![]()
Grupo Interinstitucional de Comunicação e Educação em Saúde de Santa Catarina
Como a mídia deve tratar pessoas com deficiências?
Manual orienta comunicadores contra formas de discriminação e estimula inclusão social de portadores de deficiências
Lançado no final do 2002, o Manual da Mídia Legal - Comunicadores pela Inclusão sintetiza reflexões do 1º Encontro da Mídia Legal – Universitários pela Inclusão, projeto vencedor no Rio de Janeiro do 1º Concurso Rede Andi (Agência Nacional dos Direitos da Infância) para Projetos em Comunicação. A publicação, disponível na internet, é fruto de uma aliança entre a Rede Andi, a Escola de Gente – Comunicação em Inclusão, o Ministério Público e a Universidade do Estado do Rio de Janeiro. O manual analisa como a imprensa e a publicidade abordam a deficiência e orienta comunicadores para a inclusão social das pessoas com algum tipo de deficiência. O trabalho baseou-se na legislação nacional e internacional referente ao direito de uma pessoa não ser submetida à discriminação com base na deficiência.

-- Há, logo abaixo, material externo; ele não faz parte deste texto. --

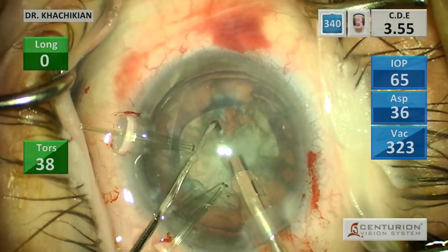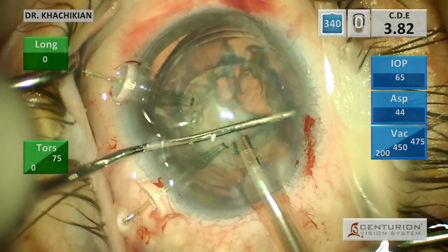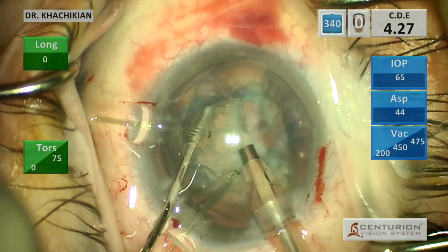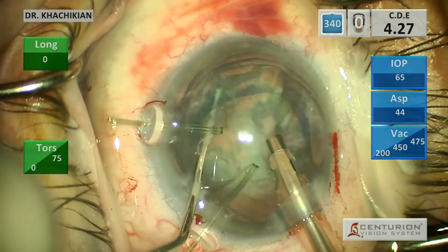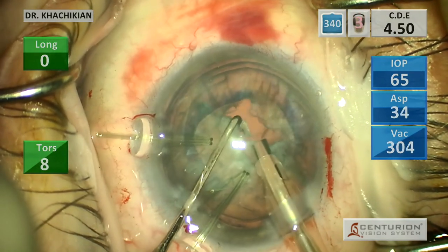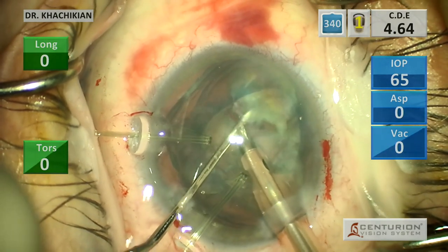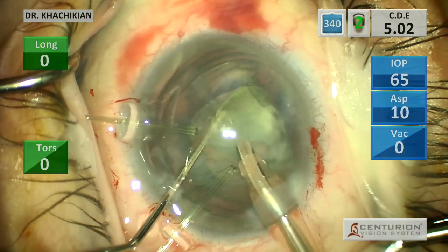McCool once said: how do you know when to use capsular hooks? And his answer was, when you think about using them is the time to use them. So that's sometimes a good rule of thumb. We've gotten half the lens out. Notice there's minimal manipulation and most of the chopping is done without rotating the lens - especially on that first half, I try to chop. It's a good consistency lens to chop, and I'm trying to chop the lens without rotating it, and it chops nicely.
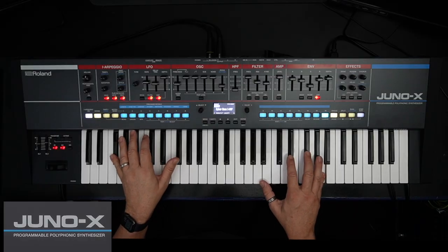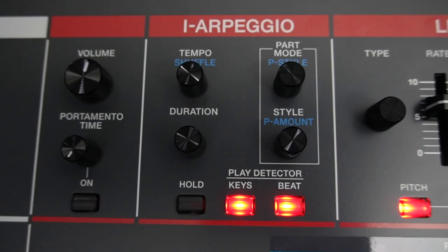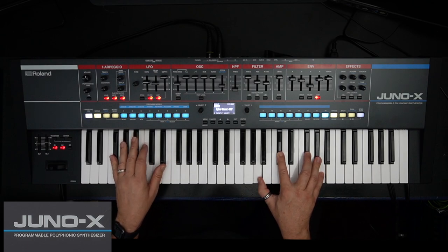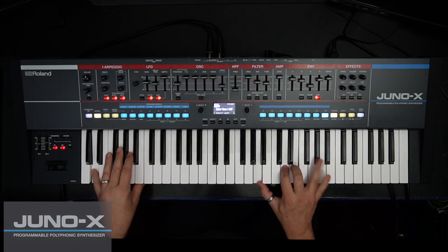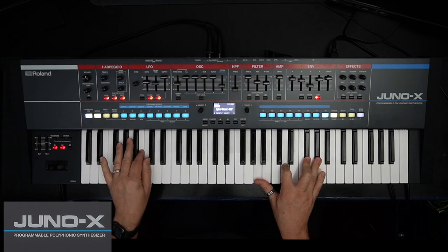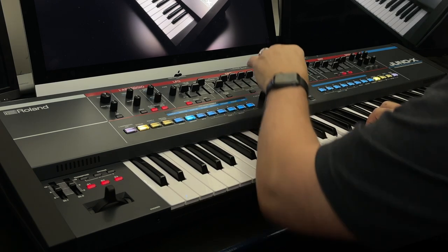The Juno X has an advanced i-arpeggio as well as a vintage arpeggiator. The i-arpeggio responds to your keyboard performances and has evolved even further. There's also an arpeggiator with classic styles that are perfect for controlling the Juno X vintage tones.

Conforme nota divulgada na ONG Escola de Gente, o Manual da Mídia Legal não se restringe a orientar no que se refere à terminologia (porque a mídia não precisa usar "portador" e porque deve usar, sem receio, a palavra "deficiência") ou a enfoques ideológicos ("a maioria das reportagens usa a palavra inclusão, mas fala de integração"- conceitos distintos). O manual também traz a análise de reportagens e anúncios feita por 15 universitários da Uerj capacitados como Agentes da Inclusão durante o 1º Encontro da Mídia Legal - de agosto a outubro de 2002 (5 de ciências sociais, 5 de comunicação e 5 de direito). A capacitação foi feita pela Escola de Gente e pelo Ministério Público.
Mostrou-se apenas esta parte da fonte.